Welcome to Reading RACES!

Reading RACES is a multi-discliplinary research project that involves the collaboration between experts in reading instruction and experts in computer science engineering at The Ohio State University.

The Grant

The research we are doing is currently supported by the U.S. Department of Education, Institute of Educational Sciences (Grant No. R324A120103).

Project Goal

The overall (3-year) goal is to develop a reading fluency intervention, consisting of a repeated reading format using culturally relevant passages. This intervention is delivered through computer software. The computer-based intervention is designed to foster relatively independent use and practice by first- and second-grade struggling readers in urban settings.

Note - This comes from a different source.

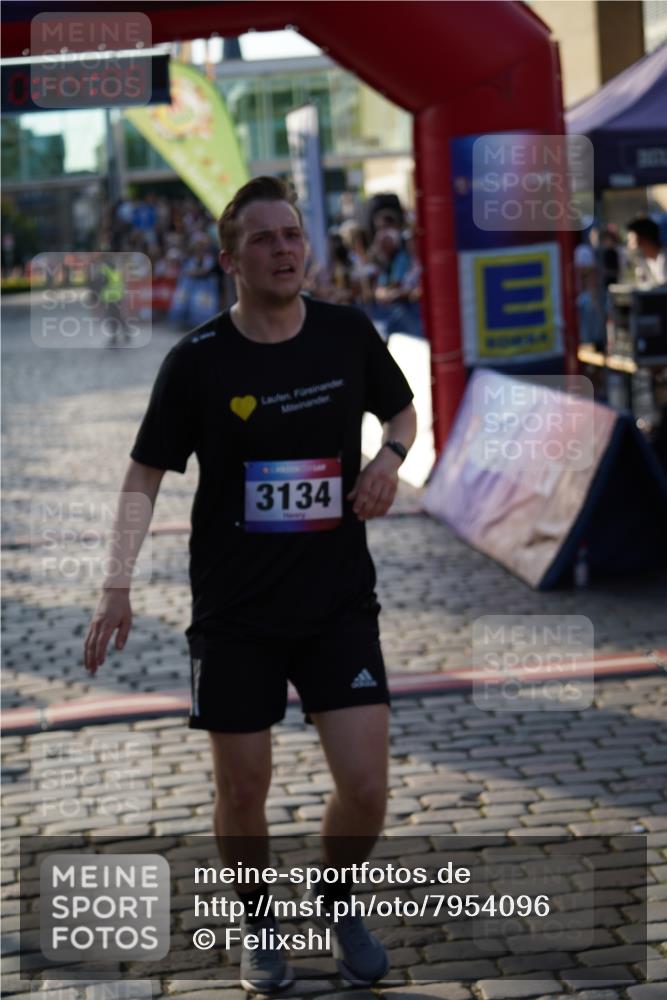 13.06.2025 - Holstenköstenlauf Felixshl http://msf.ph/oto/7954096 13.06.2025 19:44:08 Laufen 2683, 3134 meine-sportfotos.de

Year 1 (2012-2013) the researchers:

  • Wrote and Equated 30 Culturally Relevant passages for both 1st and 2nd grade
    • Content for passages was based on interviews of students, parents, and teachers and researcher observations
    • Passages equated using standard psychometric procedures
    • Studied the effects of Culturally Relevant vs. Non-culturally relevant Passages
    • Developed MAZE comprehension measures
    • Began to design the interactive computer program

 Year 2 (2013-2014)

During the second project year, the researchers successfully inserted the repeated reading intervention, which includes the stories we developed in Year 1, into the computer software.  The stories were based on the students’ backgrounds and were considered to be culturally relevant (CR). Our research from the first year indicated that the students read the CR passages more fluently than they did non-CR passages and that they liked most stories with which they could personally identify. The students also showed preferences for stories that reflected altruism (i.e., doing the right thing or helping others).

To test out whether our intervention worked, we obtained parent permissions and conducted a small-scale study with 7 second-grade intervention students and 3 comparison students in two Columbus City Schools. Each of the targeted intervention students (7) read 25 CR stories. The students practiced the stories until they reached the designated goal. For each story the students also completed a comprehension maze. To determine if the improved reading generalized to non-trained passages, students were assessed on the AIMSweb passages and mazes. During instruction the students completed the following steps: (a) listened to a computer delivered script introducing the instructional procedure, (b) listened to the human voice model, delivered via the computer, read the targeted practice passage, (c) read the passage with the human voice model, (d) read the passage independently up to 3 times, with corrective feedback being given by the experimenters (e) read the practice passage for a one-minute timing, if the student successfully reached his/her goal, and (f) take a three-minute maze comprehension assessment, if student reached predetermined goal. When a student met his/her goal and completed the maze for the CR passage, the student then read an AIMSweb passage and completed the corresponding comprehension maze. During the period when the 7 target students received the intervention, the comparison students did not receive intervention but were only assessed on reading fluency. The team only assessed the reading fluency of the comparison students. The comparison students then received 4 weeks of intervention and completed between 15-19 stories on a more updated version of the software that allowed for greater student independence. Using a multiple baseline design, the researchers closely monitored the students’ responses to study the training effects.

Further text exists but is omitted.